22nd May 2026
The closure of the Strait of Hormuz is not just another geopolitical shock. It is the beginning of a physical supply crisis that could transform the British economy and everyday life.
Oil, gas, fertiliser and food supplies are all under threat. This is not a banking crisis like 2008, and it is not a pandemic like 2020. This time, the problem is scarcity itself.
In this video, I explain why inflation caused by shortages cannot be solved with interest rate rises, why the Bank of England is going to use the wrong tools in this crisis unless it's told not to, and why rationing, price controls, and direct government intervention in the economy may become unavoidable.
I look at what this could mean for fuel prices, food supplies, mortgages, unemployment, social care, housing and the wider economy.
I also explain why banks could once again require public rescue, why governments may need to support strategic industries directly, and why conventional neoliberal assumptions may no longer work in conditions like these.
This is not an argument for panic. It is an argument for preparedness. Markets alone cannot manage a crisis created by shortages of essential goods. If governments fail to plan now, the social and economic consequences could be severe.

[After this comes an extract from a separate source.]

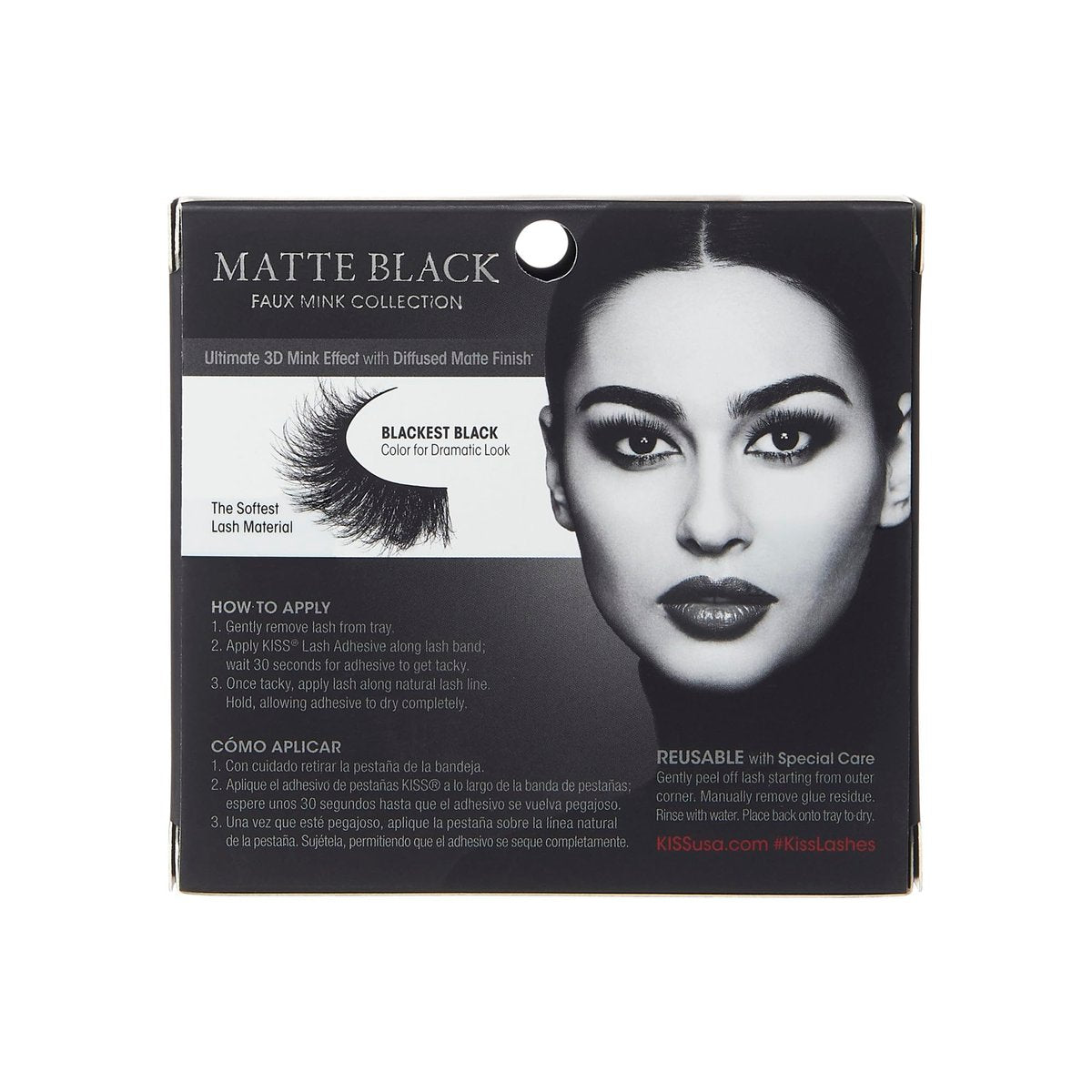 KISS Matte Black False Eyelashes - Matte Sheer, 16mm, Reusable Lash Clusters - görsel 15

That's why wartime lessons from the past matter again. Rationing and price controls worked in WWII, and they might be needed now, when fairness will be essential to maintaining public trust during a period of major disruption.
The question is no longer whether the UK can afford to respond as I suggest is necessary. The question is whether it has the political courage to do so, because the real risk in this crisis is not that the government runs out of money. It is that it fails to use the powers it already has before events begin to spiral out of control.